### Task to complete
Starting at the line with "Canon Imageprograf TM-205" and ending at the line with "Portable Bottle Cleaning", print exactly the lines of the entries below. Pictures do not belong in the copy.

### The data
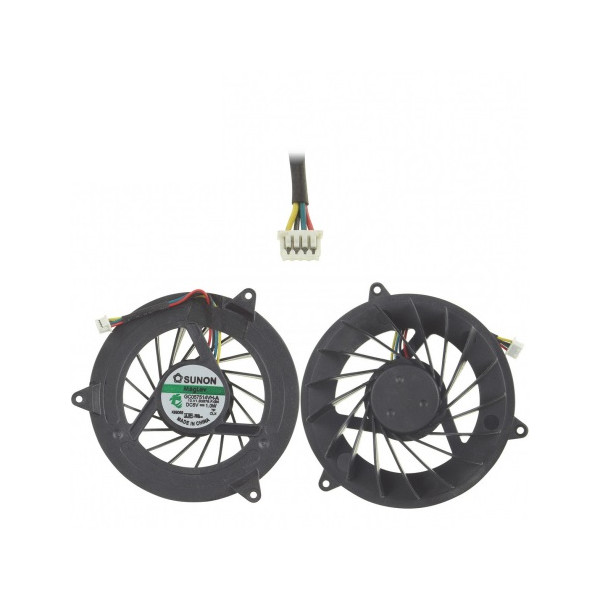 Ventilátor Chladič na notebook Kompatibilní DFS601605MB0T
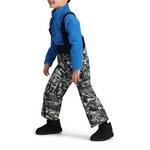 Toddler Boys' Obermeyer Warp Snow Bibs - Thumbnail 2 of 5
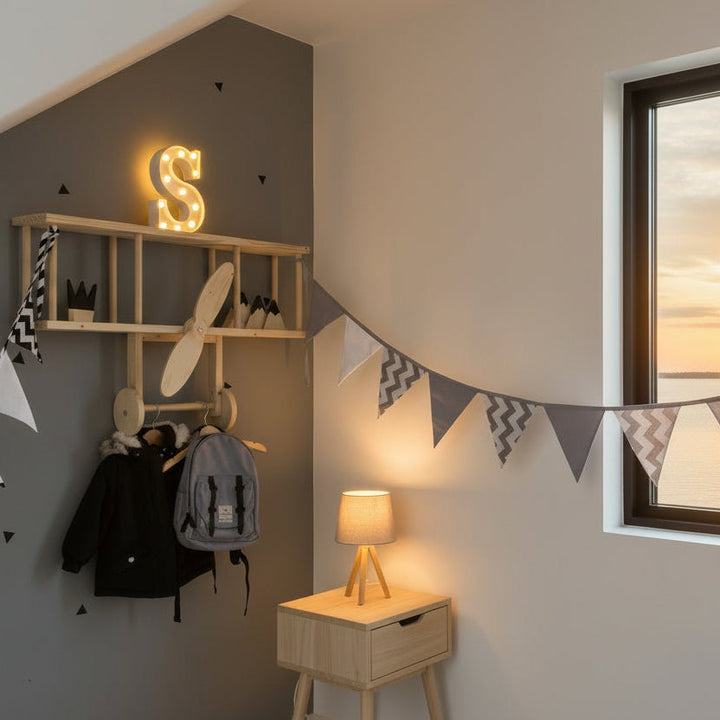 NATTIS Night Light – Simple and safe lighting for your entire home (Several variants)
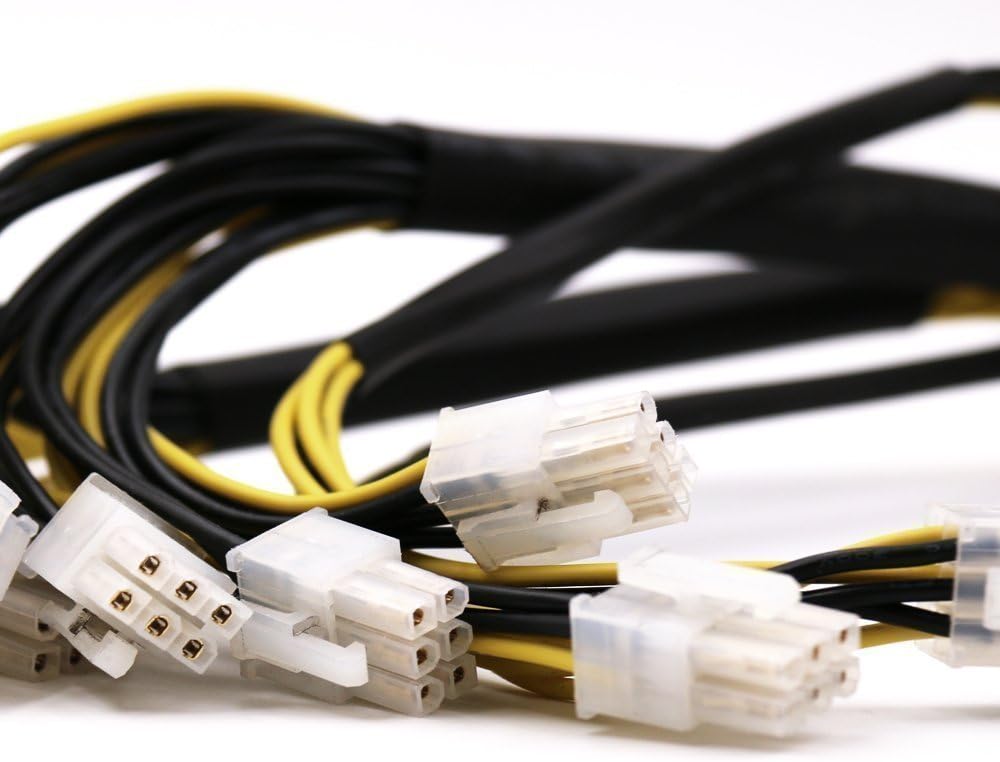 Bitmain Antminer Power Supply APW7 PSU 1800w 110v 220v Much Better Than APW3++ for S9 or L3+ or Z9 Mini or D3 w/ 10 Connectors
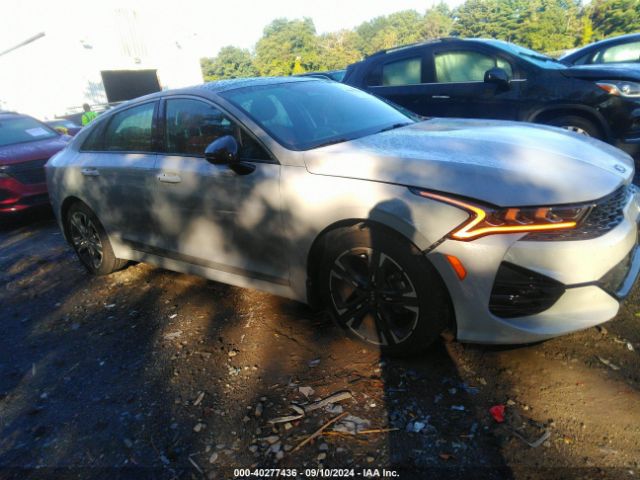 5XXG64J20MG079968 KIA K5 Gt-line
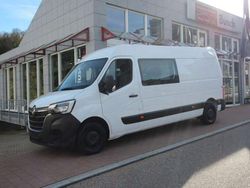 Weiss Gebraucht 2023 Renault Master | 32.900 € (Teuer)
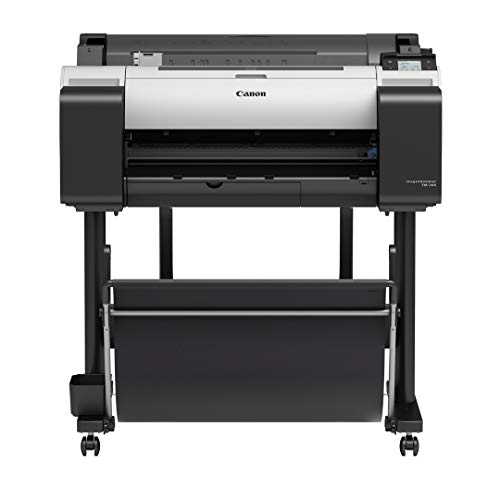 Canon Imageprograf TM-205 Stampante Grandi Formati Colore 2400 X 1200 Dpi Ad Inchiostro A1 (594 X 841 Mm) Collegamento Ethernet Lan Wi-Fi - 2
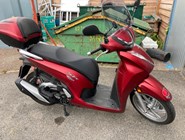 Honda SH350i
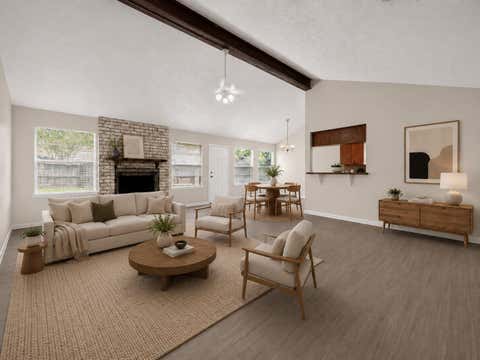 Tiny photo for 9850 Sagebud Lane, Houston, TX 77089 (MLS # 63822126)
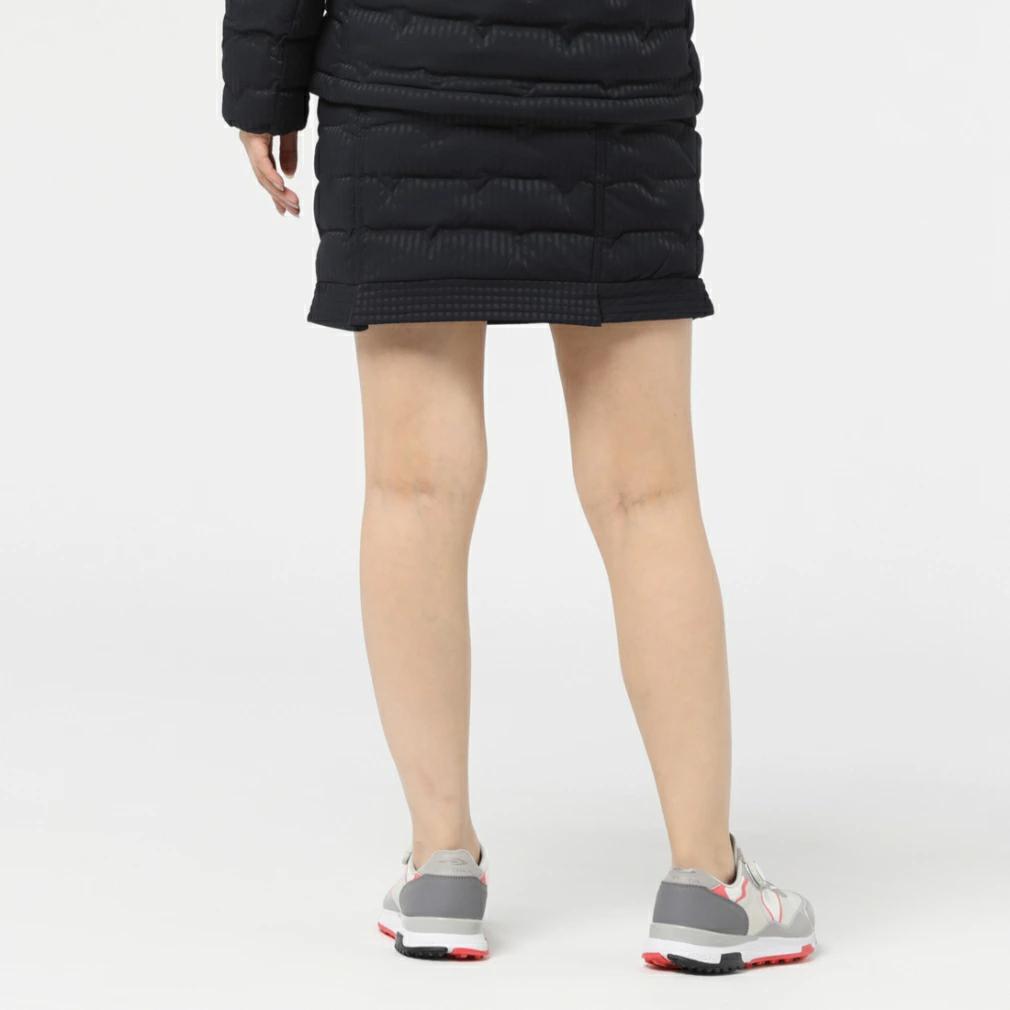 PEARLY GATES 中綿ブルゾン スカート ダウンジャケット セットアップ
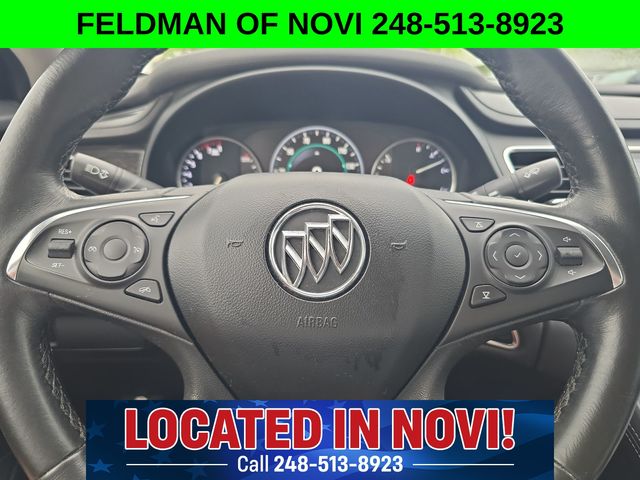 Used 2017 Buick LaCrosse For Sale in New Hudson, MI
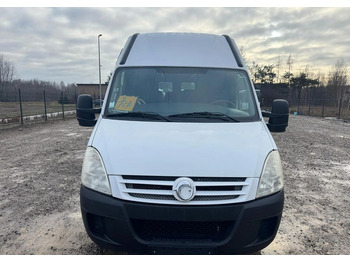 Iveco Daily līzingu Iveco Daily: foto 2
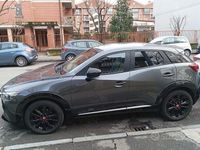 Usata Mazda CX-3 105 CV (77 kW) 2017 Grigio SUV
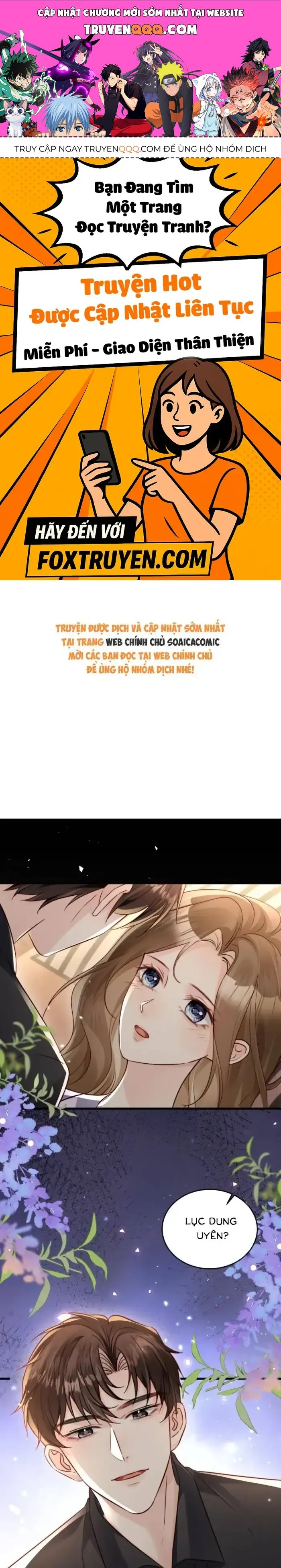 Rơi Vào Sự Si Tình Của Anh Chap 21 - Next Chap 22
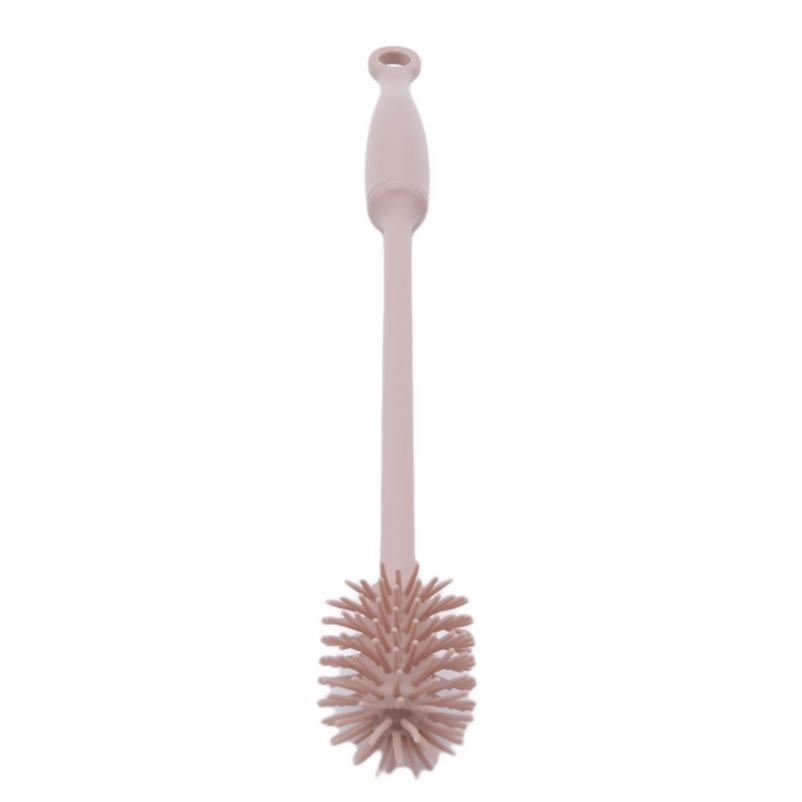 Portable Bottle Cleaning Brush 1Pc Vase Water Cup Brushes Multifunctional Glass Cup Brush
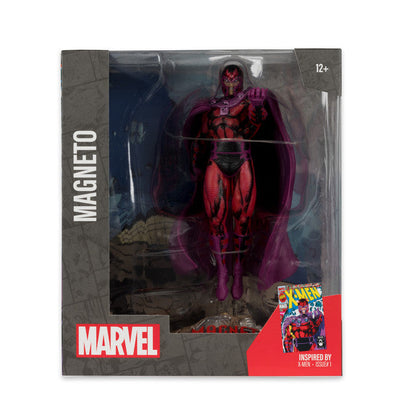 Magneto (X-Men #1) 1:10th Scale Collectible Figure w/Scene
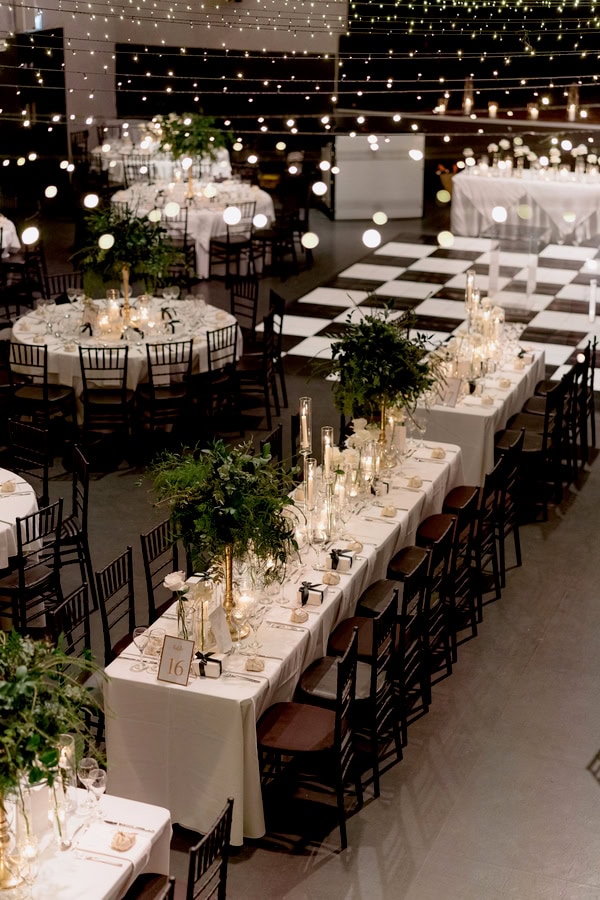 Elegant Wedding In Nicosia With Festive Atmosphere And White Flowers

### Answer for this exercise
 Canon Imageprograf TM-205 Stampante Grandi Formati Colore 2400 X 1200 Dpi Ad Inchiostro A1 (594 X 841 Mm) Collegamento Ethernet Lan Wi-Fi - 2
 Honda SH350i
 Tiny photo for 9850 Sagebud Lane, Houston, TX 77089 (MLS # 63822126)
 PEARLY GATES 中綿ブルゾン スカート ダウンジャケット セットアップ
 Used 2017 Buick LaCrosse For Sale in New Hudson, MI
 Iveco Daily līzingu Iveco Daily: foto 2
 Usata Mazda CX-3 105 CV (77 kW) 2017 Grigio SUV
 Rơi Vào Sự Si Tình Của Anh Chap 21 - Next Chap 22
 Portable Bottle Cleaning Brush 1Pc Vase Water Cup Brushes Multifunctional Glass Cup Brush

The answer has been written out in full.